Aldi is planning a one-day “hiring spree” Aug. 28 at all of its local stores. The goal is to fill more than 200 open positions, which pay between $11.50 and $12.75 per hour and come with health and dental coverage for employees who work more than 25 hours a week.
Here are the key details of the hiring event:
- All Southwest Ohio stores and three stores in Kentucky (Florence, Independence and Newport) will hold hiring events Monday, Aug. 28 from 7 a.m. to 10 a.m. and from 5 p.m. to 7 p.m.
- Job seekers must be at least 18 years old and available to work between 6 a.m. and 11 p.m. Monday through Sunday. Retail experience and high school diploma or GED are preferred. Drug screening and background checks are required.

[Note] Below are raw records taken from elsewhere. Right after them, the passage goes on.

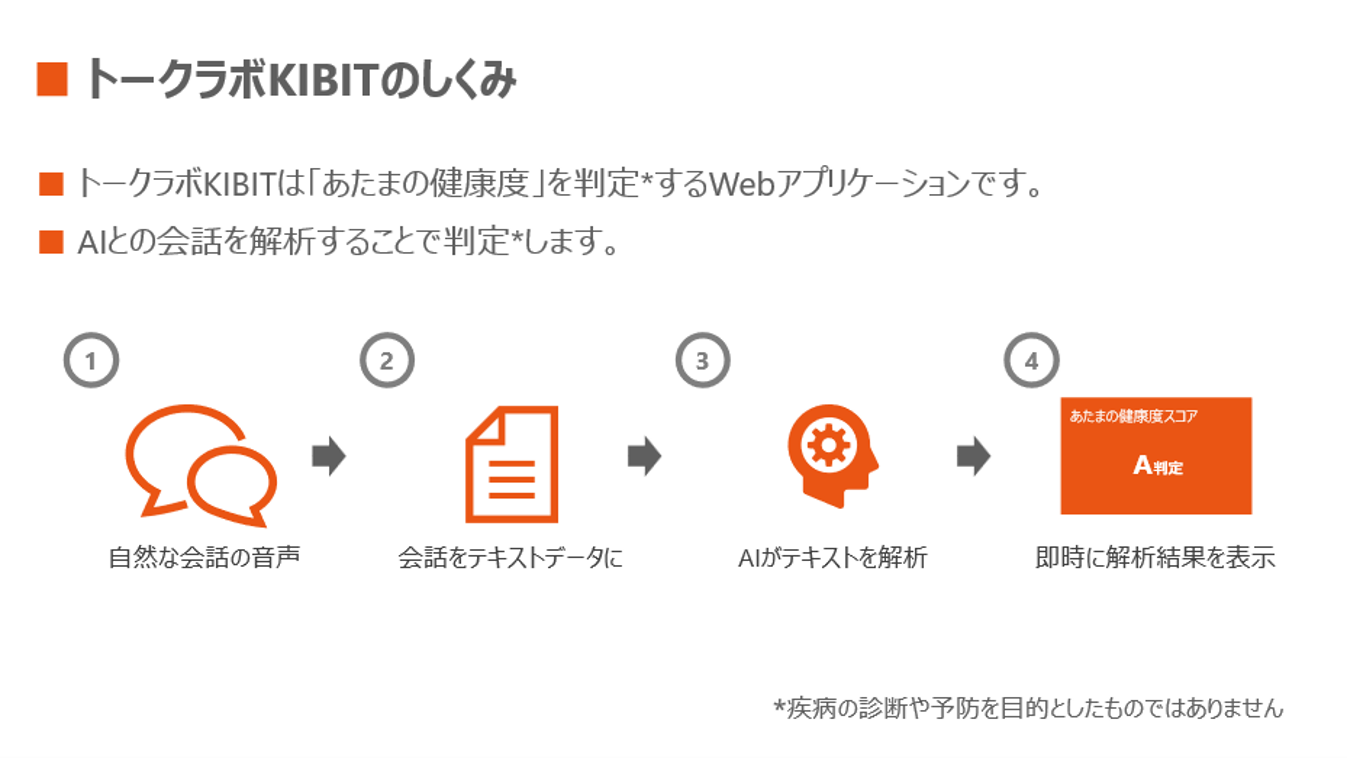 トークラボKIBIT概要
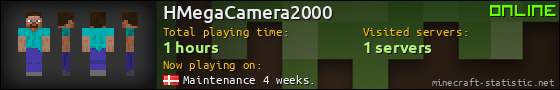 HMegaCamera2000 userbar 560x90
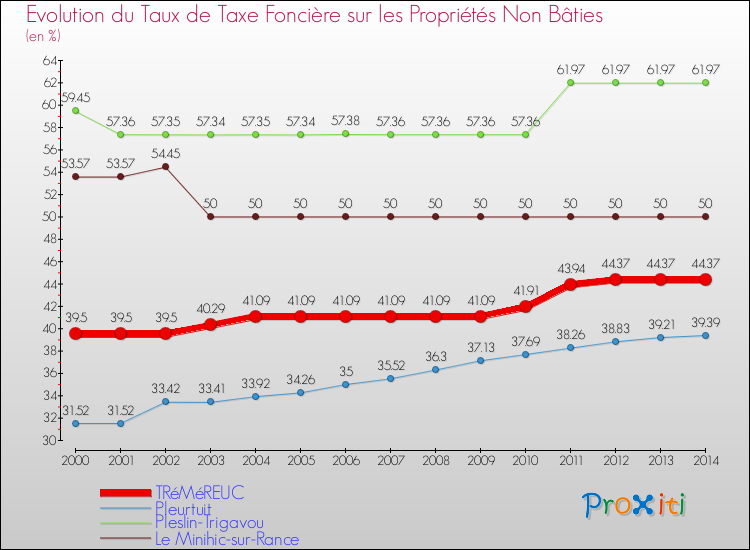 Evolution du taux de la taxe foncière sur les immeubles et terrains non batis pour TRéMéREUC et les communes proches de 2000 à 2014 Comparaison des taux de la taxe foncière sur les immeubles et terrains non batis pour TRéMéREUC et les communes voisines de 2000 à 2014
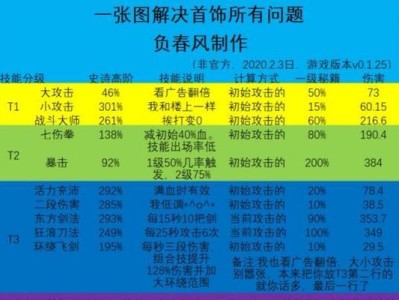 如何选择适合你的珠宝？（从款式到材质，教你挑选完美的珠宝饰品）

The renovations are part of Aldi’s $1.6 billion investment to expand its number of U.S. stores to 2,000. The German-owned chain currently has 1,600 stores in 34 states, including 20 in Greater Cincinnati.

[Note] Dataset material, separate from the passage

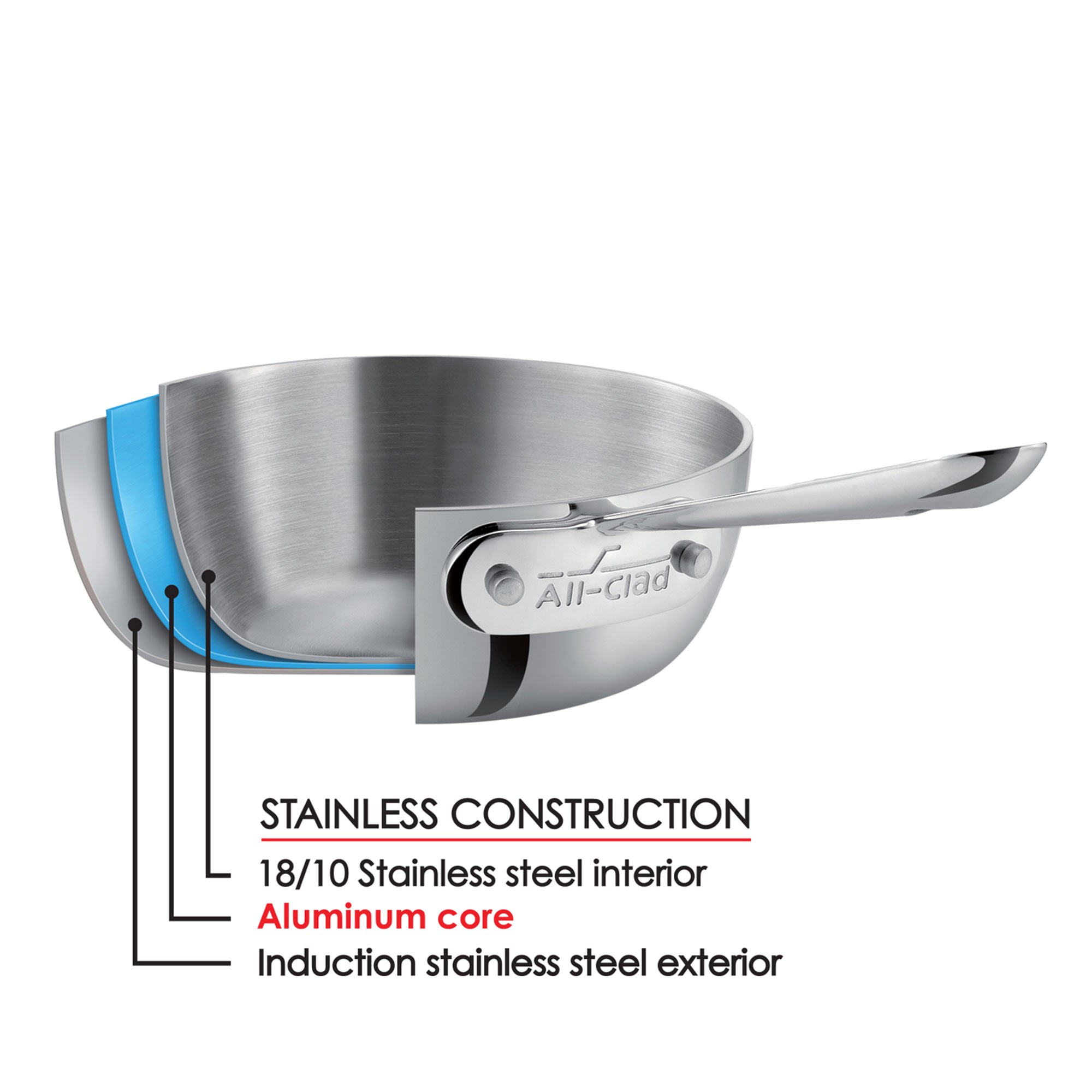 All-Clad D3® Tri-Ply Stainless-Steel Butter Warmer, 1/2-Qt.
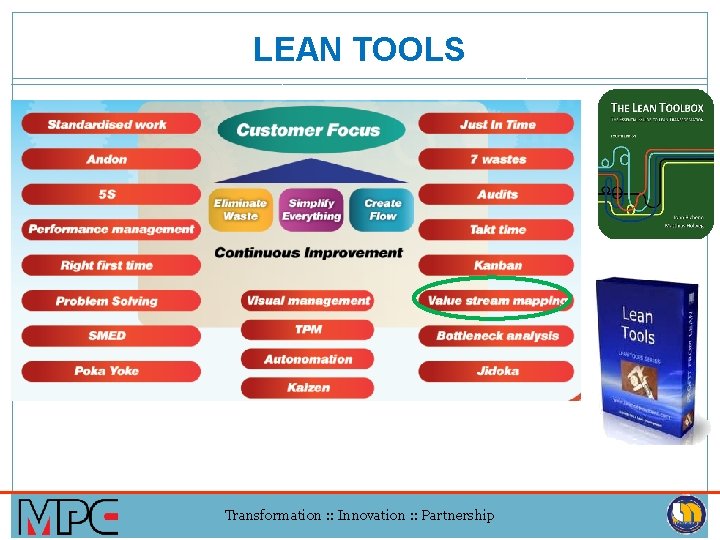 LEAN TOOLS Transformation : : Innovation : : Partnership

The remodeled stores will feature open ceilings, natural lighting and more room for produce, dairy and bakery goods.
“We’ve expanded our fresh offerings while staying true to our everyday low prices,” said Sarah Brown, Springfield division vice president for Aldi, in a press release. “Customers will recognize our easy-to-shop environment featuring a new modern design and more room for their favorite products.”
Aldi’s announcement offered no details on new store plans for Southwest Ohio, where Kroger outnumbers its discount rival by a margin of more than four to one. Aldi has not responded to WCPO questions about home delivery. The company partnered with Instacart this month to deliver groceries to its customers in Atlanta, Dallas and Los Angeles. That service is not yet available in Cincinnati.

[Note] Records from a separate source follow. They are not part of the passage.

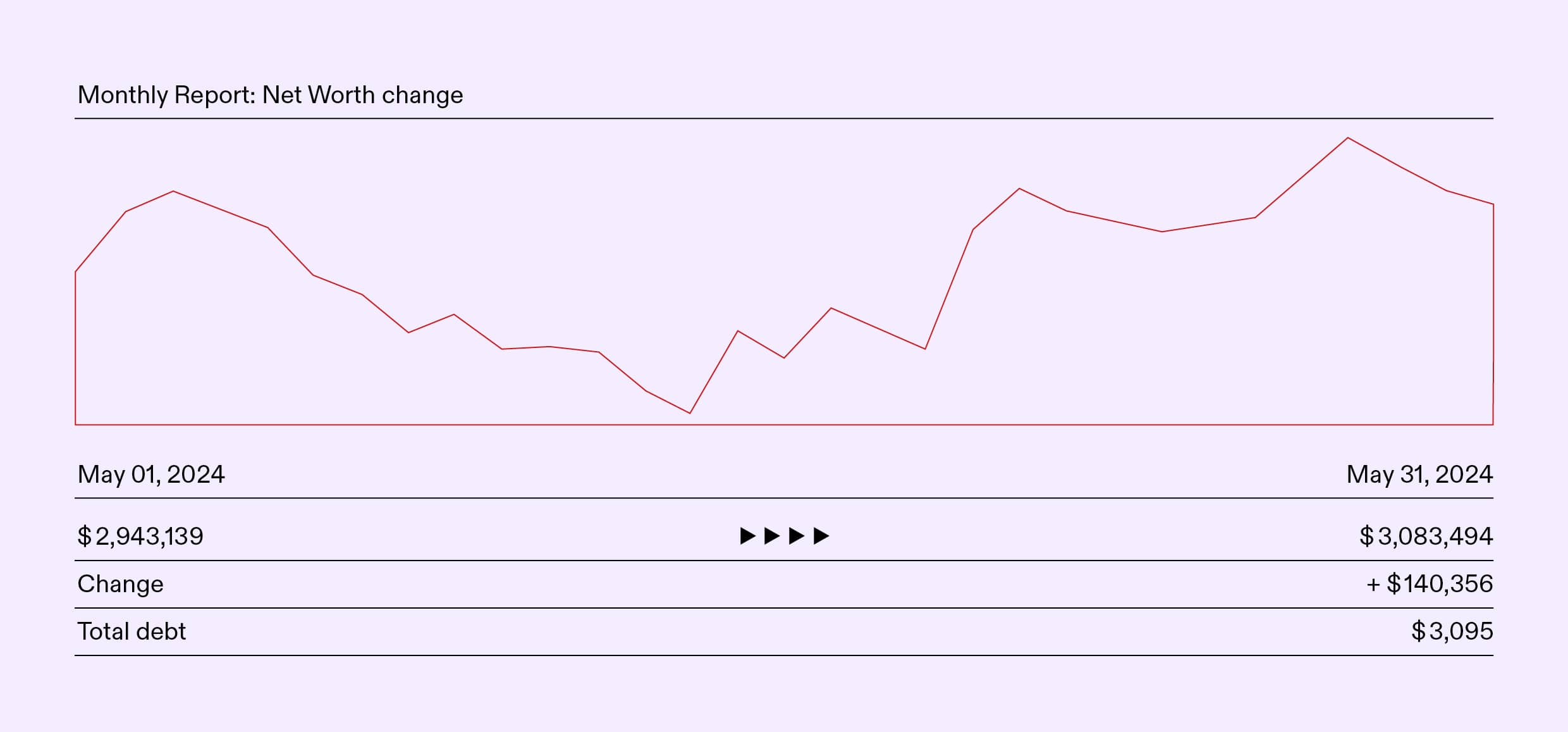 tdc-may-net-worth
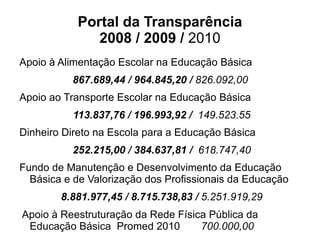 Portal da Transparência
              2008 / 2009 / 2010
Apoio à Alimentação Escolar na Educação Básica
          867.689,44 / 964.845,20 / 826.092,00
Apoio ao Transporte Escolar na Educação Básica
          113.837,76 / 196.993,92 / 149.523.55
Dinheiro Direto na Escola para a Educação Básica
          252.215,00 / 384.637,81 / 618.747,40
Fundo de Manutenção e Desenvolvimento da Educação
  Básica e de Valorização dos Profissionais da Educação
        8.881.977,45 / 8.715.738,83 / 5.251.919,29
Apoio à Reestruturação da Rede Física Pública da
 Educação Básica Promed 2010        700.000,00
 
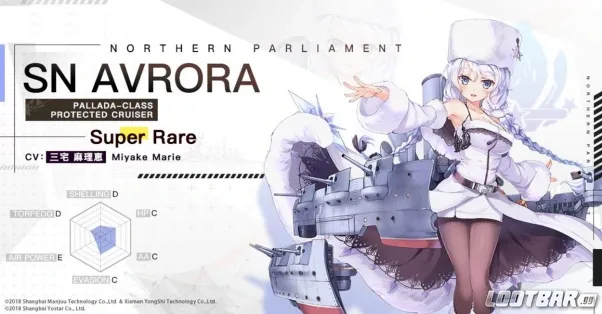The Best Fleet Compositions in Azur Lane   the Best in Each Class5712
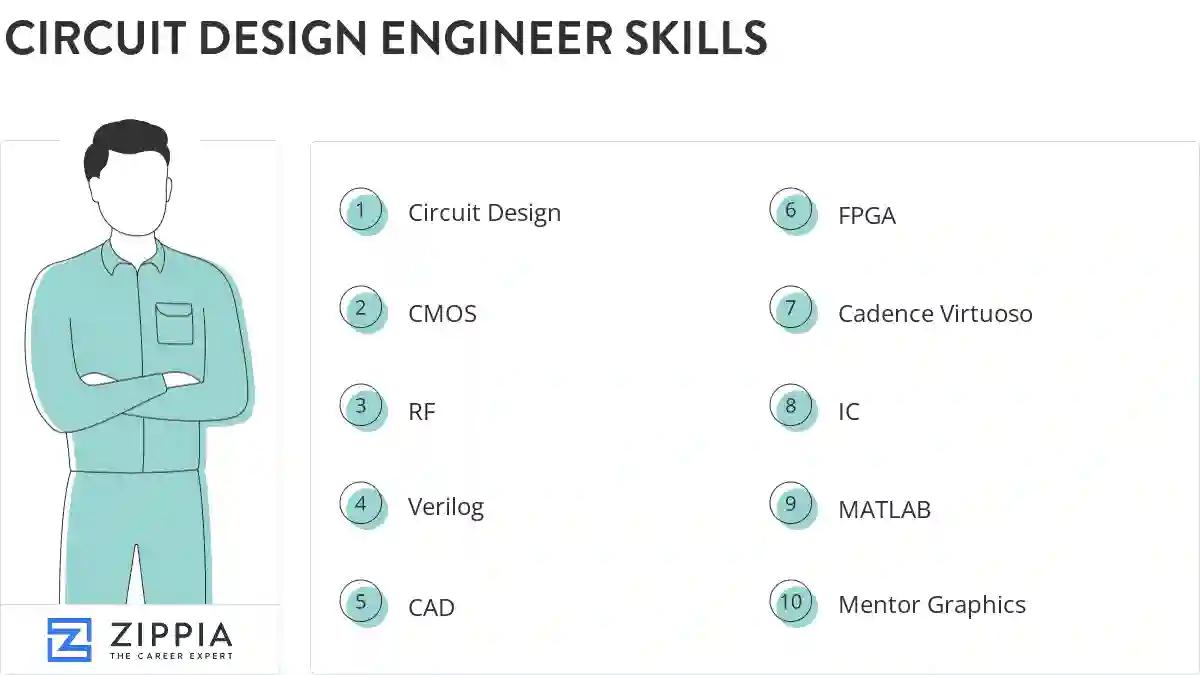 Circuit design engineer skills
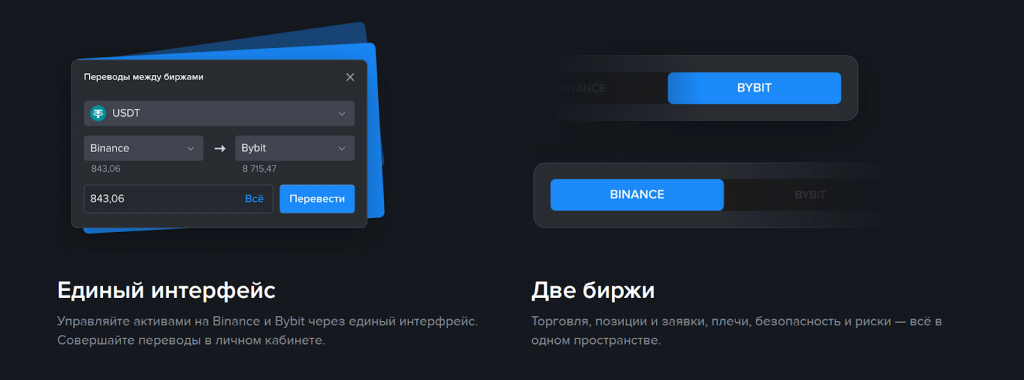 Возможности сервиса, Whitelist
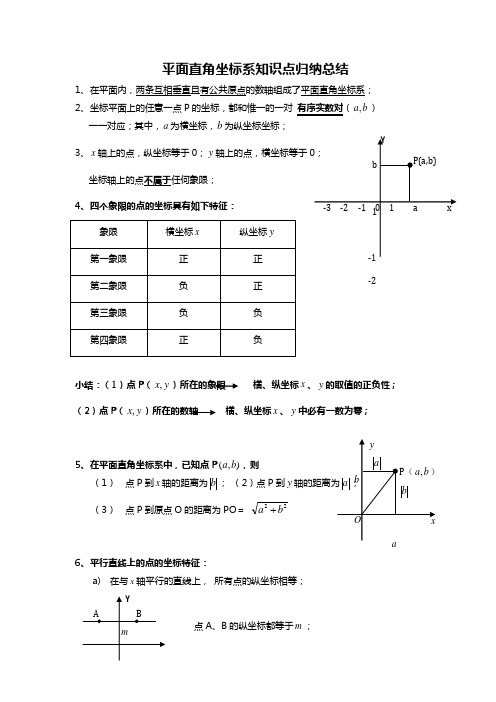 (精心整理)平面直角坐标系知识点归纳总结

Aldi’s increased investment comes as its German-owned rival, Lidl, scouts for Cincinnati locations and Kroger, Wal-Mart and Meijer are expanding their online-ordering and home-delivery options. Smaller chains are feeling the pressure, as evidenced by this week’s announced closure of a Fresh Thyme store in Anderson and the sale in February of the family-owned Remke Markets to Findlay, Ohio-based Generative Growth LLC.